It seems that the Bill McKibben view of the world is gaining traction: there are no “acts of God,” it’s all man’s fault! Nature is now a fiction – we live in one big humanly engineered environment, including the weather. It’s all because we insisted on moving beyond the hunter-gatherer stage of culture.
A point of reference in this evolution of views is the article in the NYTimes today, about the residents of a small island in Alaska who want to collect damages from energy companies because their shoreline is eroding. They demand that the corporations pay to relocate them all to the mainland. Why? Fossil fuel consumption is causing global warming which causes sea level rise and ice pack melt which is threatening their chunk of dirt.
The chain of causation, which should be established by scientists, not lawyers, is weak and unproven, but then there are folks in New Orleans who want to bring similar suits to recoup losses from Katrina.
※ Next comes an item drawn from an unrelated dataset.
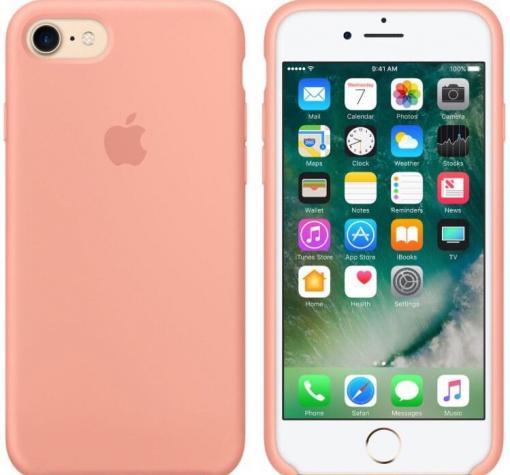 Оригинален гръб Silicone Case MMWN2FE/A за Apple iPhone 7 / iPhone 8 - розов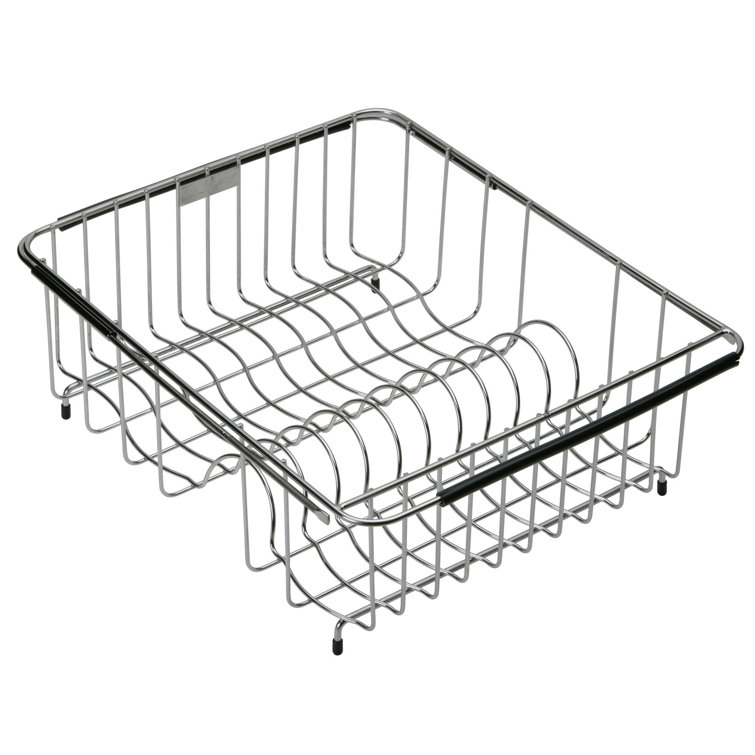 Stainless Steel Rinsing Basket with Utensil Cup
But if energy companies are at fault, what about the rest of us who drive cars and cook with gas? If this kooky logic is taken to its logical conclusion, we end up in a dystopian fantasy out of Margaret Atwood or Huxley, in which it is a capital crime to light a match or cook food because it threatens the survival of the community. As Orwell’s animals might have chanted, “Sunlight good, firepower, bad!”
I wonder – was Prometheus chained to that rock because he angered Zeus by stealing fire and giving it to mortals, or did mortals fashion the story to express their unease with him for having giving them the gift of fire that raised them from the status of “natural” animals, to men controlling their fate in nature? The Greek version of the expulsion from Eden..? We’re still dealing with it.